US 7757889 B1
Aluminum pop-top can holes are re-sealed with several embodiments of plugs or tape. The wedge type is shoved into the teardrop can hole, or any other shaped can hole. The foot (shoulder) profile type has a triple sealing surface, whereby the user angles a foot or shoulder of a plug under the can lid. These types can be massive or hollow. The hollow type can have a mini double-acting valve for pumping function. A flexible (plastic) tape and glue version is shown, useful also as a primary sealing means.

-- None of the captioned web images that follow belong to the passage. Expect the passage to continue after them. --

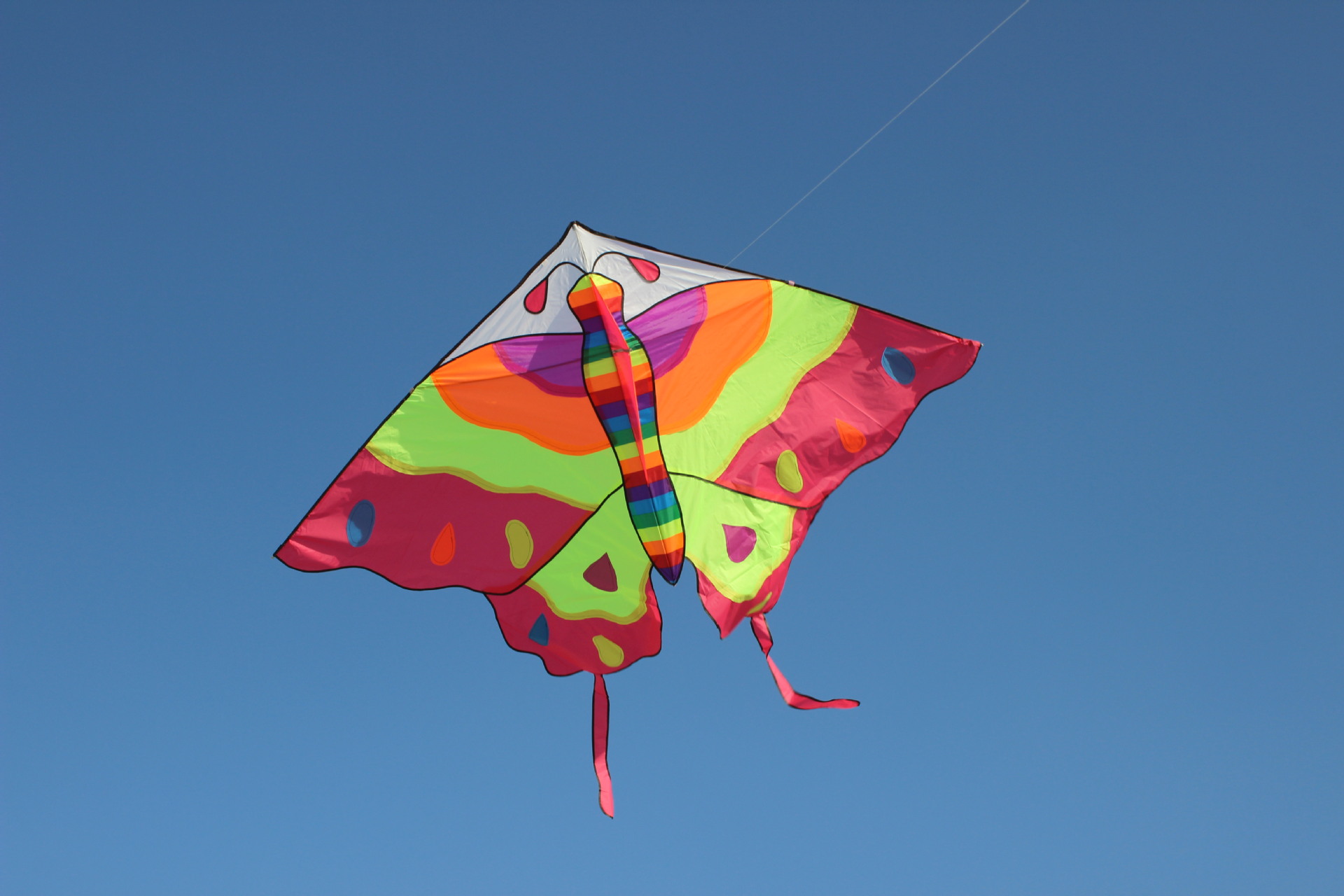 蝴蝶风筝 潍坊风筝批发 新款大蝴蝶 微风易飞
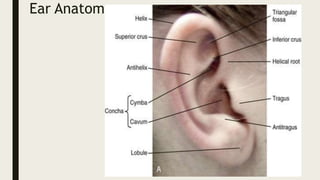 Ear Anatomy
 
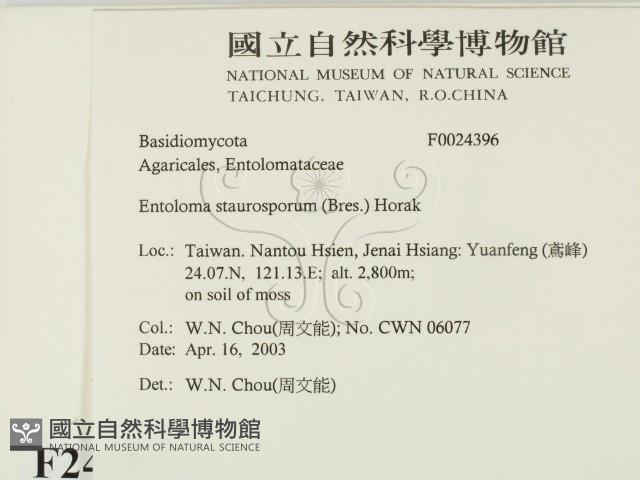 登錄號:F0024396藏品圖，第2張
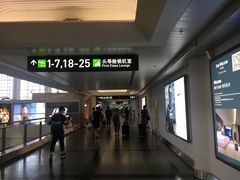 -厦门高崎国际机场-T3航站楼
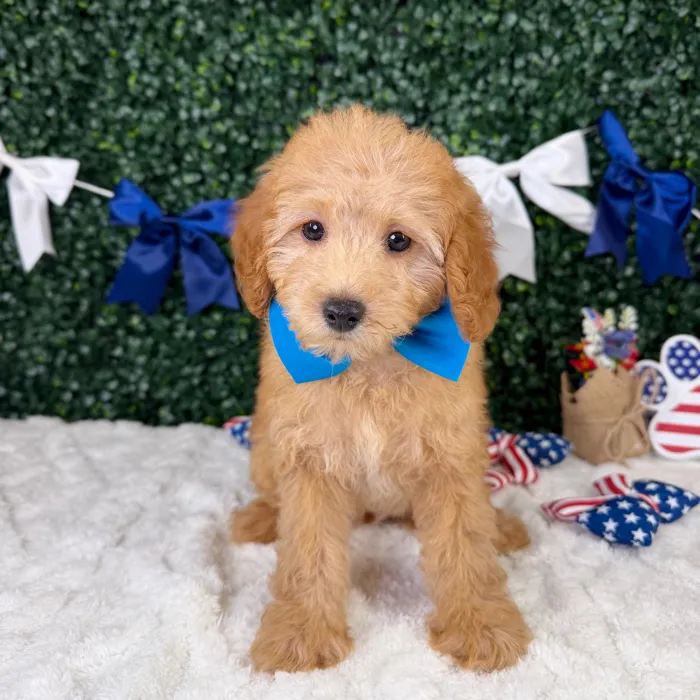 Male Mini Poodle puppy named Baxter for sale at Puppy Dreams - Garland.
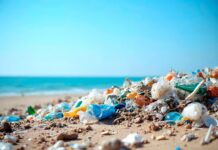 Contaminación marina en Canarias: basura transoceánica y proyecto RBMar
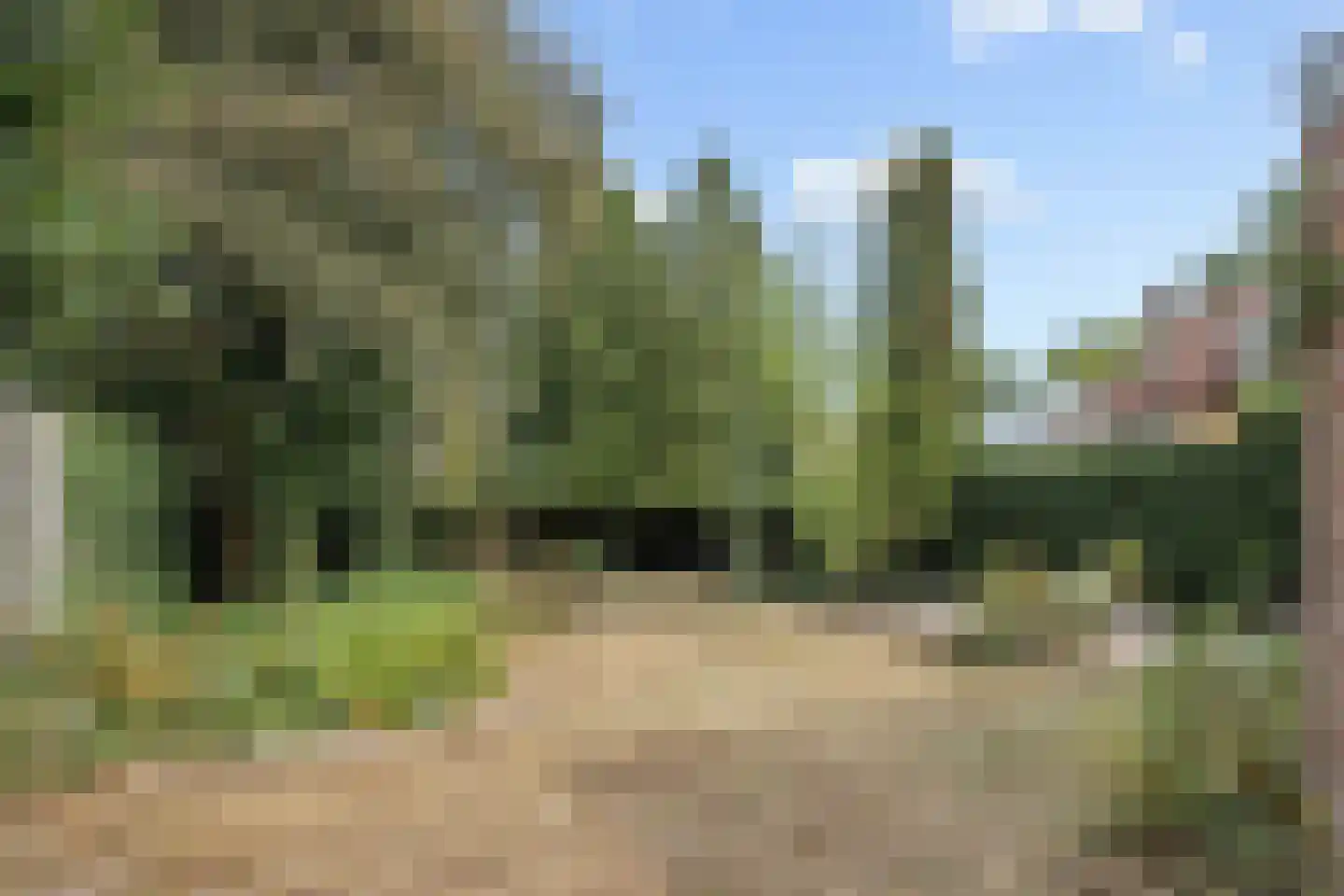 Lekkerbeetjenlaan 32 Vught thumbnail 42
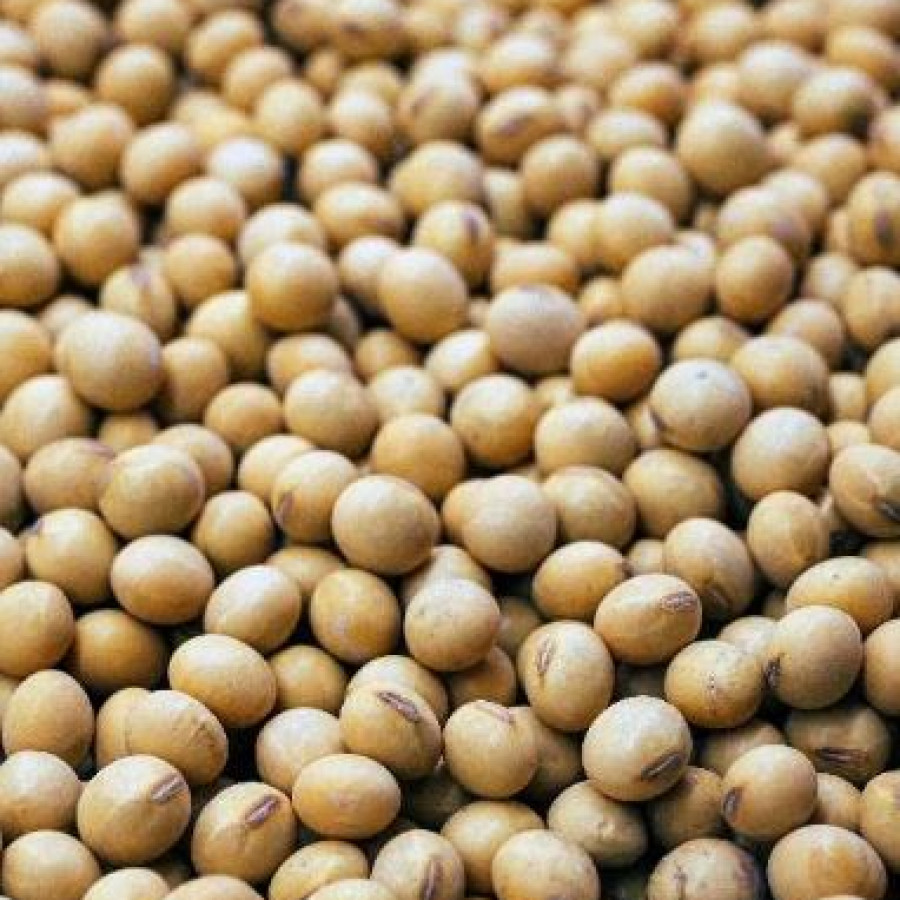 Kacang Kedelai 1 Ons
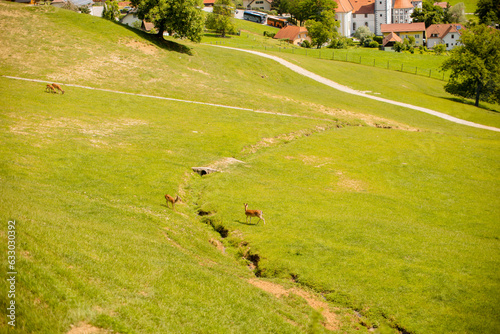 Reindeers on the foothills of Jelenov Greben in Slovenia photo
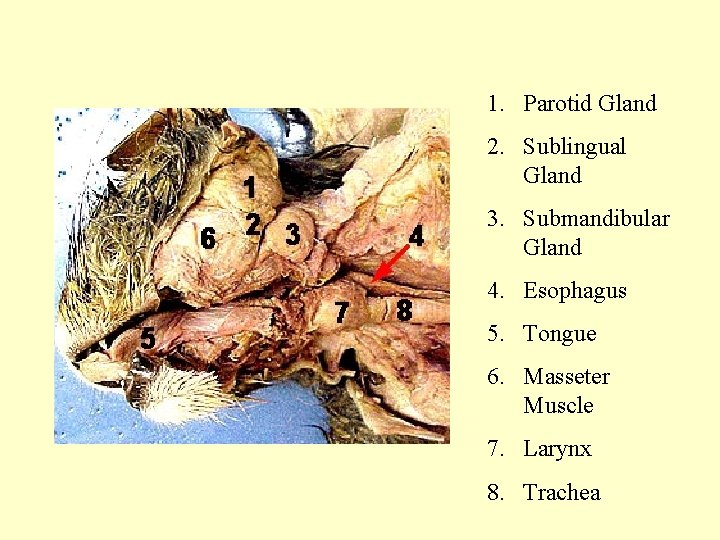 1. Parotid Gland 2. Sublingual Gland 3. Submandibular Gland 4. Esophagus 5. Tongue 6.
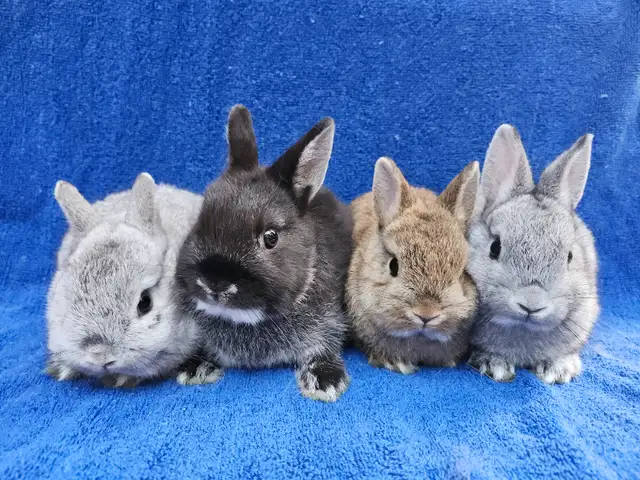 EXTRAORDINARY NETHERLAND DWARF, Mini rex, Holland lop baby bunny in Small Animals for Rehoming in Cape Breton - Image 2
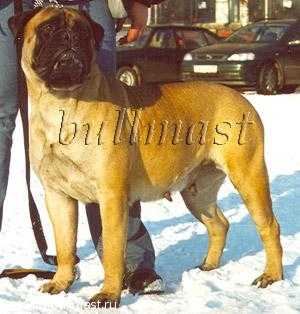 Karina | Bullmastiff 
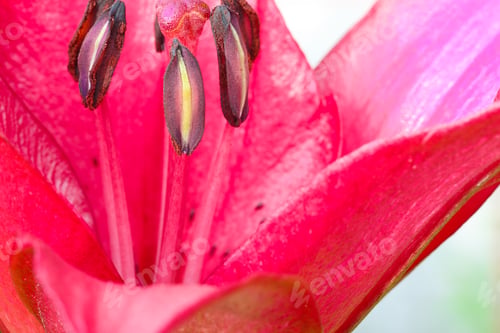 Preview: Macro of lilies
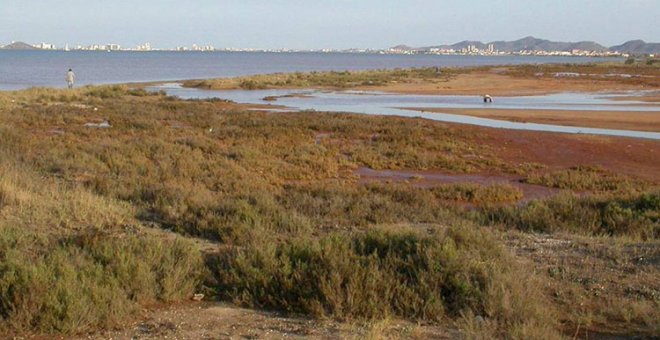 ¿Un nuevo ave fénix?: la Agencia Regional del Clima y el Medio Ambiente de la Región de Murcia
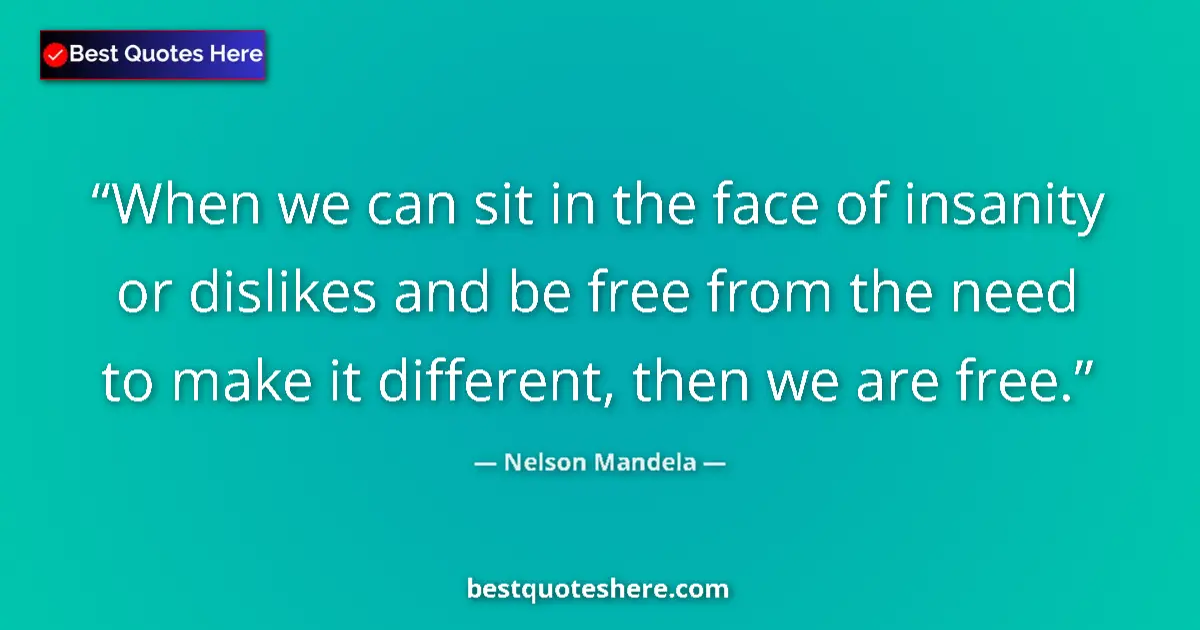 Quote by Nelson Mandela: When we can sit in the face of insanity or dislikes and be free from the need to make it different, ...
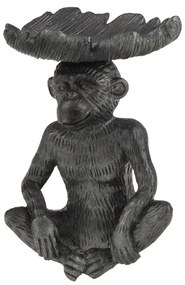 Maimuta neagra cu frunza h16 cm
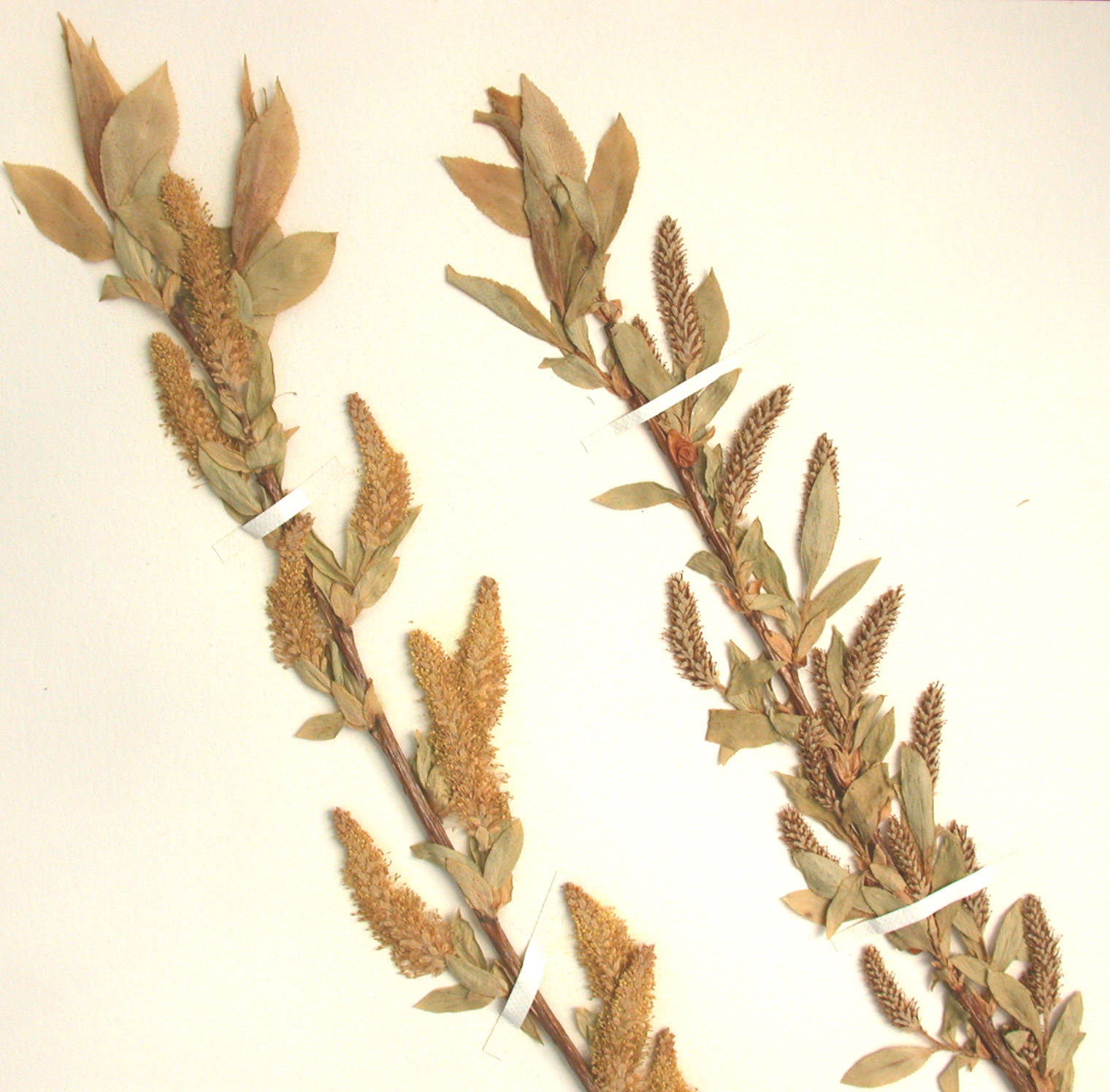 Shining Willow (Salix lucida) branch detail showing glossy leaves and yellowish stems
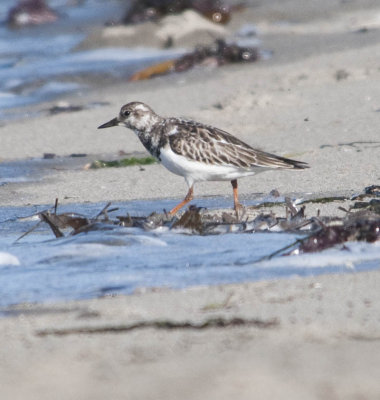 Ruddy Turnstone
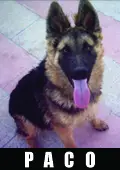 klaussvompaco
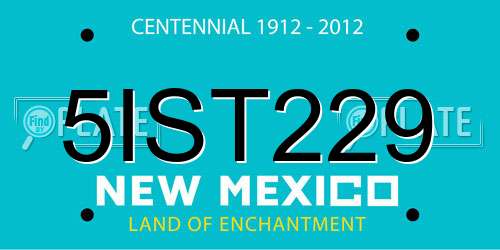 5IST229 New Mexico License Plate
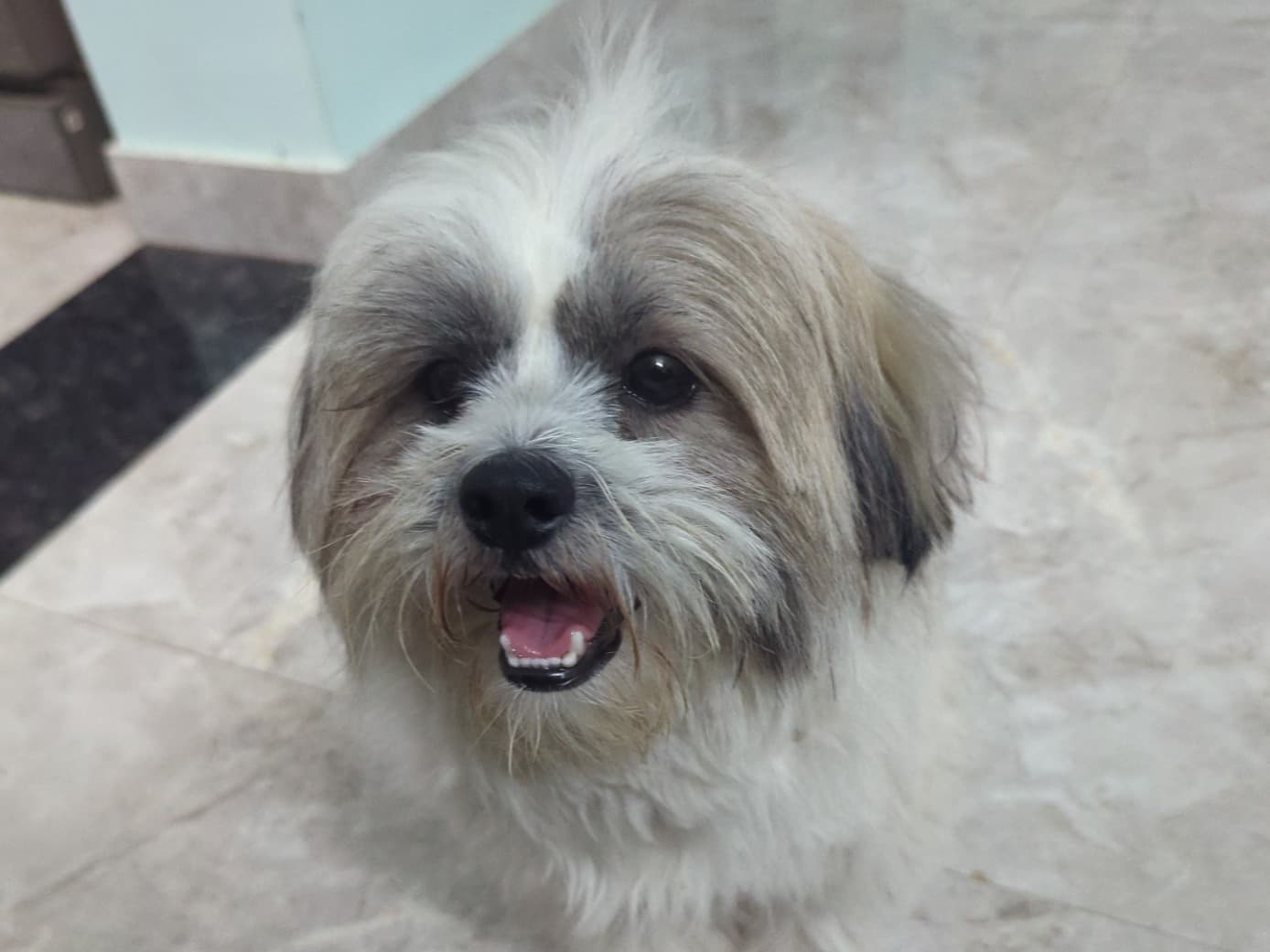 Shih Tzu 1 year 5 months old male medium named Simba for breeding in Madukkarai, Tamil Nadu | Petmeetly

1. A resealing device for a container having an aluminum top with a tab opening mechanism engaging a scored flap in said top for forming a contents dispensing aperture, when the scored flap is removed, the resealing device comprising:
a hollow plug made of a non-toxic, flexible material;
said plug having a thin, flexible wall membrane defining a hollow wedge shaped plug with a top, a bottom and sides forming a hollow in an interior chamber;
said interior chamber having a wedge shape;
said plug having a midsection shaped to conform to a shape of the contents dispensing aperture;
said plug having tapered outer sides and the top having a breathing hole communicating with the hollow in the interior chamber;
wherein an upper portion of the plug above the midsection forms a user grip;
wherein a forcing of the plug by the user places a base of the plug below the contents dispensing aperture, thereby forming a seal comprising an indentation of the flexible wall membrane all along a periphery of the contents dispensing aperture;
wherein the breathing hole allows airflow out of the interior chamber of the hollow when the user grip is squeezed by a user; and
wherein after a release of the user grip by the user, air fills the hollow of the interior chamber via the breathing hole as the flexible material springs back to its original wedge shape, creating a reinforced seal so that a beverage in the container retains its carbon dioxide gas longer, thus preventing the beverage from tasting flat.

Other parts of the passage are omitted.